D) Os Possíveis Interesses Brasileiros em Moçambique
O Brasil tem interesses estratégicos em Moçambique, motivados por laços históricos, culturais e econômicos. Ambos os países compartilham a língua portuguesa e integram a CPLP, facilitando a cooperação em várias áreas.
Cooperação Sul-Sul
A diplomacia brasileira em Moçambique reflete os princípios da Cooperação Sul-Sul, com foco em projetos de desenvolvimento sustentável, segurança alimentar e saúde. Iniciativas como a parceria entre a Embrapa e o governo moçambicano para promover a agricultura têm impacto positivo, mas limitado.
Interesses econômicos
Empresas brasileiras como a Vale já investiram significativamente em Moçambique, especialmente na mineração de carvão. Contudo, a necessidade de diversificar os setores de atuação permanece crucial para ampliar a presença brasileira.
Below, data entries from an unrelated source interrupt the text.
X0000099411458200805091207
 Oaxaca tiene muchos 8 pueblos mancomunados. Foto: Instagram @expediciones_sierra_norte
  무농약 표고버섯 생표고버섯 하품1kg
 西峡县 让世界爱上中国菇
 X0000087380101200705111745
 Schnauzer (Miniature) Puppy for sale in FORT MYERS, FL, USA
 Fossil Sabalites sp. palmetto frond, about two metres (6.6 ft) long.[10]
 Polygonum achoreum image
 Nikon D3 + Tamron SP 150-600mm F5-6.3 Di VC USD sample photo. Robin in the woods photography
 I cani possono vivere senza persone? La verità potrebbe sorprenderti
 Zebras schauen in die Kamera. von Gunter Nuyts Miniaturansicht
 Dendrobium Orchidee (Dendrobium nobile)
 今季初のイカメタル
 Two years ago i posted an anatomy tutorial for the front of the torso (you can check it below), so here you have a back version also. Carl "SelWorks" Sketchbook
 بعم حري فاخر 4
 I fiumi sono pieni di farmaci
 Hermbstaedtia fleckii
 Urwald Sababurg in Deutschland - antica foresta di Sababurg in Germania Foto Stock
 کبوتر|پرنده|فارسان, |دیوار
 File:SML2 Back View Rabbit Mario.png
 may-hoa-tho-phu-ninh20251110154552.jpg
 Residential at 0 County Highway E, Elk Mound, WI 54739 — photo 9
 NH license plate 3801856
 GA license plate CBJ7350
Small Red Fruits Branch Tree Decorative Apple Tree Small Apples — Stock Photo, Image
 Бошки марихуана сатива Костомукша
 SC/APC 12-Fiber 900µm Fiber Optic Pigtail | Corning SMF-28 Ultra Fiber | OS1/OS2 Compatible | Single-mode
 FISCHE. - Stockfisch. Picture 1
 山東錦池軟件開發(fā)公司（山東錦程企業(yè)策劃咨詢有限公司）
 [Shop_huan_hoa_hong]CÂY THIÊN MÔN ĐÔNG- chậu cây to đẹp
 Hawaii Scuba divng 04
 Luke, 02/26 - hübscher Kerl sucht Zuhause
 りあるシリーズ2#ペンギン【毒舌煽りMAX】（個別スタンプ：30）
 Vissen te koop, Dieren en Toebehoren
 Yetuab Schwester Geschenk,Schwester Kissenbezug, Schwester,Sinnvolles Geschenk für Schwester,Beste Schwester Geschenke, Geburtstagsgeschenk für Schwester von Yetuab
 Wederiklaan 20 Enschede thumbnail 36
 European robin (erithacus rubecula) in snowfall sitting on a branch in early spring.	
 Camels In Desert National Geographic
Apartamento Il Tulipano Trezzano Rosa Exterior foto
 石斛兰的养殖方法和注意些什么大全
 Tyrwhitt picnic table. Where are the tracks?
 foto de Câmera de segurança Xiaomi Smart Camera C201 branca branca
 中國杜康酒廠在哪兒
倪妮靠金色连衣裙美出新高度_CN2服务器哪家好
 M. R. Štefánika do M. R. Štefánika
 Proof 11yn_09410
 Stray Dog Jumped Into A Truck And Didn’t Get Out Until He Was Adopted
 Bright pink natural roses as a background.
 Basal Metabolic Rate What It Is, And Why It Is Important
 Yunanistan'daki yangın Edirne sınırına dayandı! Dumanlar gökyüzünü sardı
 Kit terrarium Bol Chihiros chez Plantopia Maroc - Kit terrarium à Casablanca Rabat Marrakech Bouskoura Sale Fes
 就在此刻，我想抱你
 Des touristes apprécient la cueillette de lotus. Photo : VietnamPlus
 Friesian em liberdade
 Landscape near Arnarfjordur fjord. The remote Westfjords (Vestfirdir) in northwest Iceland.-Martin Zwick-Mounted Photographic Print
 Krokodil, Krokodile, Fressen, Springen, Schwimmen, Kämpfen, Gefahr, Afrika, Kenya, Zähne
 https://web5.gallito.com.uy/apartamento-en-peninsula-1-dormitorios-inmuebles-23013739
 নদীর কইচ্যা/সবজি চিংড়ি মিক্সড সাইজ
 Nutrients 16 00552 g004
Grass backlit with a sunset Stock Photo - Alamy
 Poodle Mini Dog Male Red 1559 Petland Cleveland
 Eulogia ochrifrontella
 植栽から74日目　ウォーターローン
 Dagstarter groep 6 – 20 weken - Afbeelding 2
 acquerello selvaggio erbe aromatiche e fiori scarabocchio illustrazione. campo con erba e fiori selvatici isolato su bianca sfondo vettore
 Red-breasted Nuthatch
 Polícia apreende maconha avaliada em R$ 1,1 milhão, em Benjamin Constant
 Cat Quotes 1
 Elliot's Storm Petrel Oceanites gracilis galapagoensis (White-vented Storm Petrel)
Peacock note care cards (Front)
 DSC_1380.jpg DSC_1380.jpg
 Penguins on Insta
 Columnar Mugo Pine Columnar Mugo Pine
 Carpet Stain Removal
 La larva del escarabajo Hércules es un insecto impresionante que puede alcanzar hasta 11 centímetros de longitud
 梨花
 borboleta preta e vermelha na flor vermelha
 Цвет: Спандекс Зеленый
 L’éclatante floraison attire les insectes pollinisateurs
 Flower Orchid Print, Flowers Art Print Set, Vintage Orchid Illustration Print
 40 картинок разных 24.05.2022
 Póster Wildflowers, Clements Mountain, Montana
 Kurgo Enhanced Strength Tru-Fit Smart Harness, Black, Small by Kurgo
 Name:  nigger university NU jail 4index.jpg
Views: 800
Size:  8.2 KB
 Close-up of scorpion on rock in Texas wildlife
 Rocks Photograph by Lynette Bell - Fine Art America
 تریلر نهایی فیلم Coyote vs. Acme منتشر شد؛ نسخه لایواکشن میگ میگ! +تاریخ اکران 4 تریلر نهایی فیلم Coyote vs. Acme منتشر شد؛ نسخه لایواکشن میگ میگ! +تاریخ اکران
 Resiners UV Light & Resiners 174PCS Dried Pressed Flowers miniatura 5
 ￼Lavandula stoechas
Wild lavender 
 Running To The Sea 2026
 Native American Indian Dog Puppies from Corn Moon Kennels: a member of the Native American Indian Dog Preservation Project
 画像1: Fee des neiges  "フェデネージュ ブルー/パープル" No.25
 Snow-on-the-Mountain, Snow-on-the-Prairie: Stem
Presença geopolítica no Oceano Índico
Moçambique é estratégico para o Brasil devido à sua localização no Oceano Índico, área de crescente importância para o comércio global e segurança marítima. Estabelecer parcerias sólidas em Moçambique pode fortalecer o Brasil em fóruns regionais e globais.
Nesse cenário, para aumentar sua influência em Moçambique e equilibrar o peso de potências como China, Portugal e Rússia, sugerimos que o Brasil adote uma abordagem multifacetada:
1) Diplomacia Econômica e Diversificação de Investimentos
• Infraestrutura e agricultura: Expandir investimentos em setores chave que beneficiem diretamente a população moçambicana, como infraestrutura rural e segurança alimentar.
• Energia: Desenvolver parcerias nos setores de energia renovável e gás natural, criando sinergias entre empresas brasileiras e moçambicanas.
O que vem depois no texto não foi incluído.